ハネウェルと日本メーカーのオートフォーカス訴訟

 最近10年のアメリカカメラ業界で特筆すべき出来事は優れたカメラでも新しい技術でもなく訴訟である。ご承知の通りアメリカは訴訟の国。日本のカメラメーカーに対しオートフォーカスの基本特許を持つハネウェルがその侵害を訴えて起こしたのがこの訴訟である。私はこの分野の専門家ではないので、詳しい技術的な問題や法的な話については聞きかじりの域を出ない点はご容赦いただきたい。

 ご存じの通りミノルタカメラは1985年にα−7000を製品化、市場で圧倒的な支持を受け同社の売り上げは爆発的に伸びていた。
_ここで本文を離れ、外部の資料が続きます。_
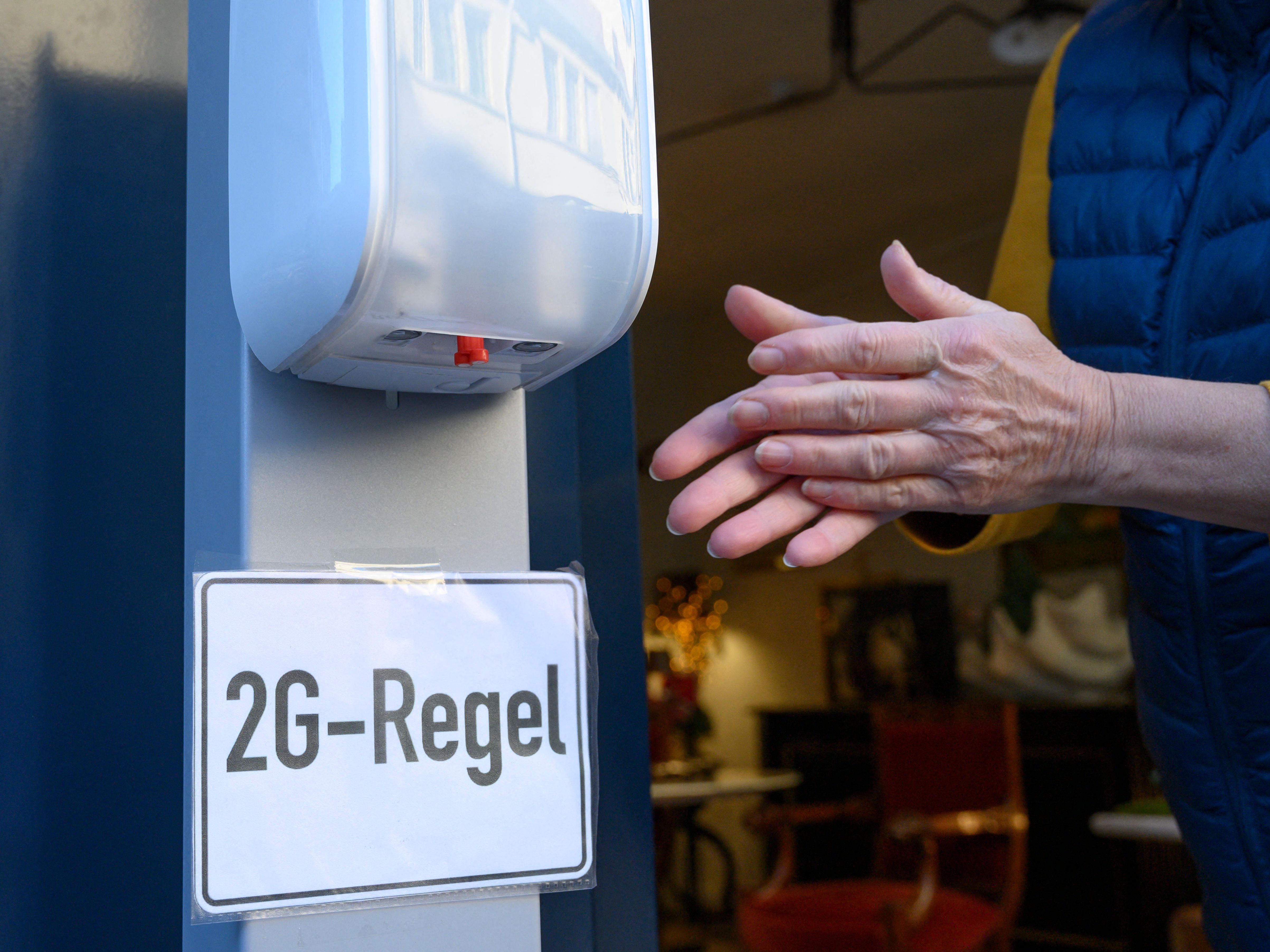 Eine gesetzliche 2G-Pflicht am Arbeitsplatz hätte für Arbeitgeber Vor- und Nachteile. Eine gesetzliche 2G-Pflicht am Arbeitsplatz hätte für Arbeitgeber Vor- und Nachteile.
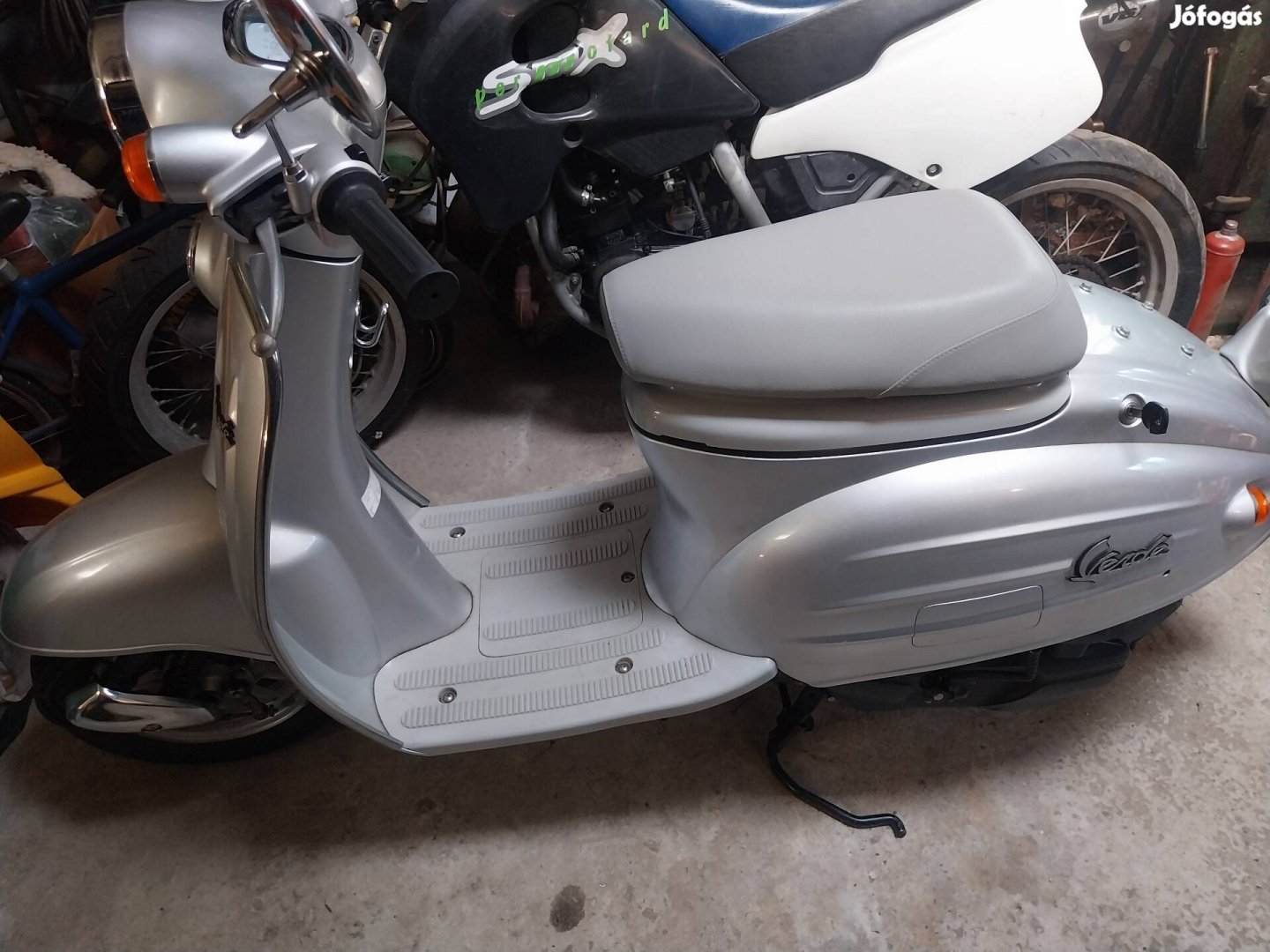 suzuki verde eladó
当初月産3万台ペースでスタートしたが1年後には10万台を突破、αシリーズの約3割はアメリカ市場に輸出され、当然ここでも大好評を博していた。ところが1987年4月にオートフォーカスの基本特許を所有するハネウェル社が、ミノルタをはじめとする日本のカメラメーカーを相手取り特許訴訟を起こした。ハネウェル社の所有するオートフォーカスの基本特許「ストファー特許」を日本のカメラメーカーが侵害しているというのがハネウェル社の主張であった。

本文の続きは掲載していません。